Saudi patient caught MERs-CoV virus from unknown source in hospital
The first patient in a three-person family cluster of MERS-CoV (Middle East respiratory syndrome coronavirus) cases in Riyadh, Saudi Arabia, apparently caught the virus from some unknown source while in the hospital, according to a report in the International Journal of Infectious Diseases. The cases occurred in February and March.
The index patient, a 51-year-old man with obesity and type 2 diabetes, experienced respiratory symptoms 2 weeks after he was admitted to a hospital for back pain and other non-respiratory symptoms, and 11 days later he was dead of multiple-organ failure, the report says. The man was not tested for the virus, but his signs and symptoms were consistent with the infection.
The MERS-CoV incubation period is believed to be no longer than 14 days, suggesting that the patient contracted the virus in the hospital from a healthcare worker, another patient, or a visitor, the author say.

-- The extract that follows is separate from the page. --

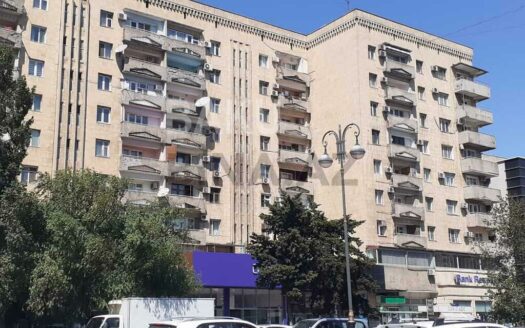 3 Room Old Apartment for Sale in Baku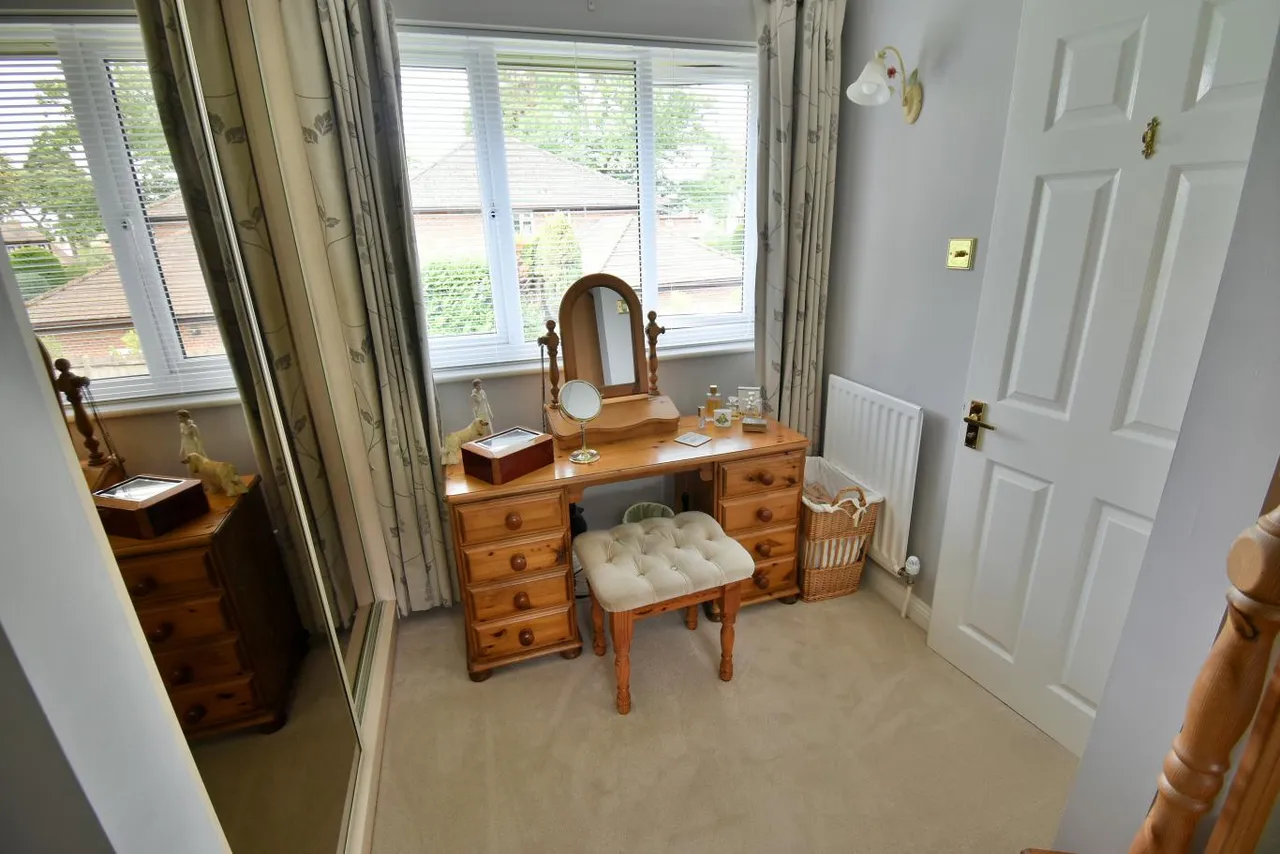 Pinewood Road, BH22, photo 18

Subsequently, two of the man's brothers, ages 39 and 40, fell ill with respiratory symptoms and fever, and MERS-CoV infection was confirmed. The 39-year-old died, but the 40-year-old survived. Both of them had substantially less contact with the index patient than other family members did, but none of the other relatives got sick, the report says. No other contacts of any of the patients inside or outside the hospital are known to have acquired the infection.
"MERS-CoV acquisition from unrecognized mild or asymptomatic cases may be a more important contributor to ongoing transmission than previously appreciated," the authors conclude.
Aug 2 Int J Infect Dis abstract
Israel launches polio vaccine campaign
Israel's health ministry announced yesterday that it will launch a campaign to administer 150,000 doses of polio vaccine to children in the southern part of the country where sewage samples suggest that there could be as many as 2,000 carriers of the disease, Reuters reported yesterday. So far no polio infections have been detected.
The ministry said the campaign, which starts today, will include oral drops of a weakened active virus vaccine—a type of vaccine administered in countries where the disease is endemic or where the transmission risk is considered high.
In other polio developments, the British government announced today that it will provide $9.2 million (6 million British pounds) to assist with a polio vaccination campaign in Somalia and Kenya, according to a press release. The money is targeted to a World Health Organization (WHO) campaign to vaccinate more than 6 million people in response to an outbreak in the two countries.
The outbreak is Somalia's first since 2007, and global health officials have warned that the event poses a risk of further spread of the virus across East Africa. The recent cases in Kenya are the first since 2011.
Aug 4 Reuters story
Aug 5 UK government statement
First H5N3 detection in Taiwan poultry
Surveillance testing related to a low-pathogenic H5N2 outbreak at a duck farm in Taiwan recently turned up a low-pathogenic H5N3 virus, marking the first such finding on the island, animal health officials said in an Aug 2 report to the World Organization for Animal Health (OIE).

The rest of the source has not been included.